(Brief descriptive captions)
· · · · · · ·

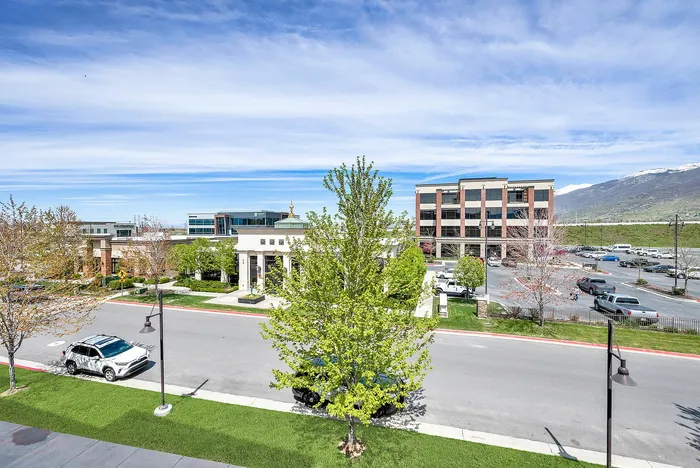 Legacy Crossing Apartments
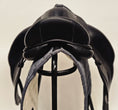 Load image into Gallery viewer, Voltaire Adelaide Dressyrsadel 17,5"/M
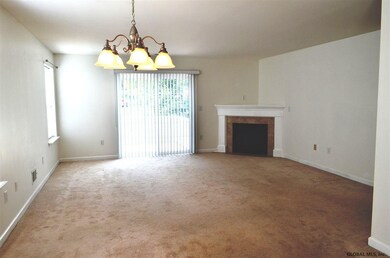 120 Cherry Blossom Ct, Schenectady, NY 12306 - photo 3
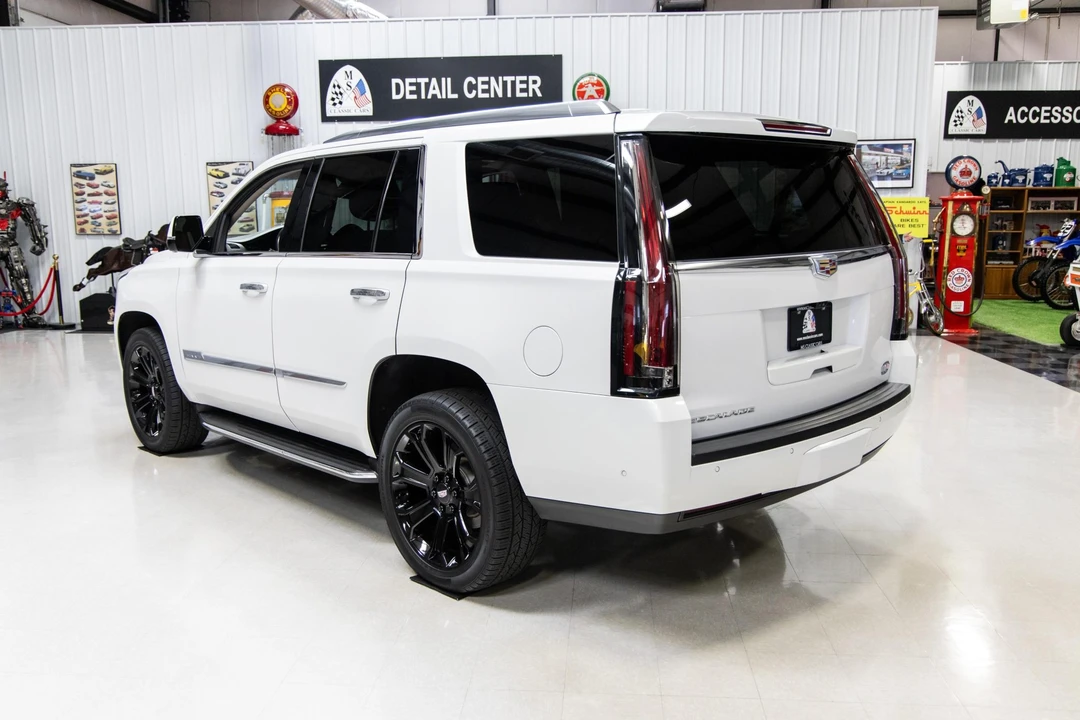2019 Cadillac Escalade 4th Gen - Image 19 of 31
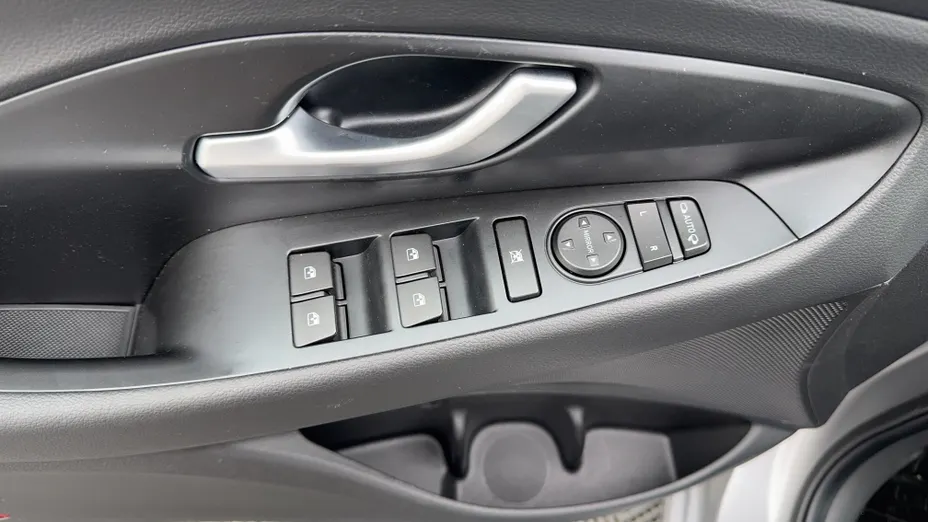 HYUNDAI i30 i30 1.5 DPI Smart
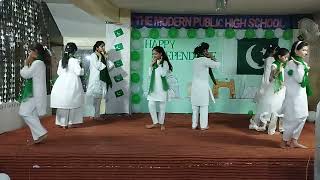 Charta suraj hai apna Pakistan Beautiful performance by 5th class from girls section [upl. by Akel800]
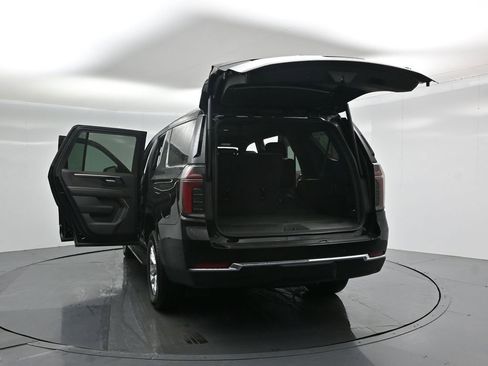 Used 2025 Chevrolet Tahoe LT image 32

· · · · · · ·

### [Exercise prompt]
From the line that contains "2019 Cadillac Escalade" to the last line of the data, print each line exactly, both ends included, and omit the pictures.

### [Result]
2019 Cadillac Escalade 4th Gen - Image 19 of 31
 HYUNDAI i30 i30 1.5 DPI Smart
 Charta suraj hai apna Pakistan Beautiful performance by 5th class from girls section [upl. by Akel800]
 Used 2025 Chevrolet Tahoe LT image 32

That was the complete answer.